# COLLECTED DATA
● ● ● ●
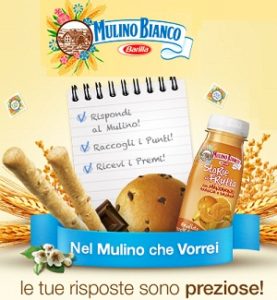 Tanti prodotti GRATIS Mulino Bianco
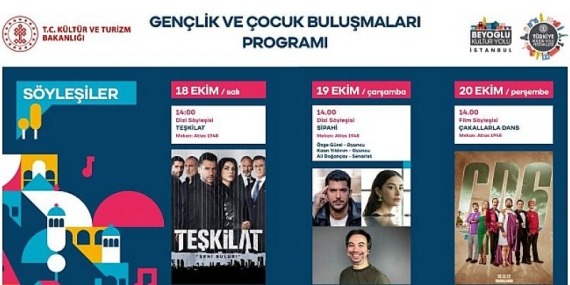 Beyoğlu Kültür Yolu Festivali Kapsamında Gerçekleştirilen  Gençlik ve Çocuk Buluşmaları  Söyleşilerle Devam Ediyor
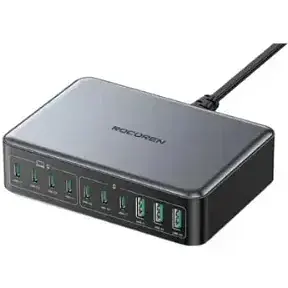 Хаб-адаптер живлення Rocoren 400w GaN3 - фото 1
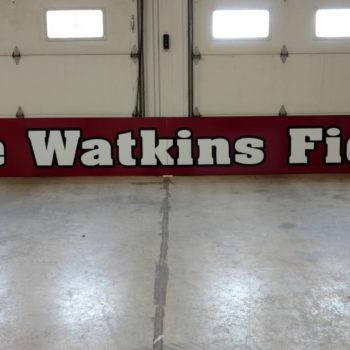 Watkins Field outdoor signage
● ● ● ●
# YOUR GOAL
Without including any picture, output all the material exactly as it appears.

# ANSWER AREA
 Tanti prodotti GRATIS Mulino Bianco
 Beyoğlu Kültür Yolu Festivali Kapsamında Gerçekleştirilen  Gençlik ve Çocuk Buluşmaları  Söyleşilerle Devam Ediyor
 Хаб-адаптер живлення Rocoren 400w GaN3 - фото 1
 Watkins Field outdoor signage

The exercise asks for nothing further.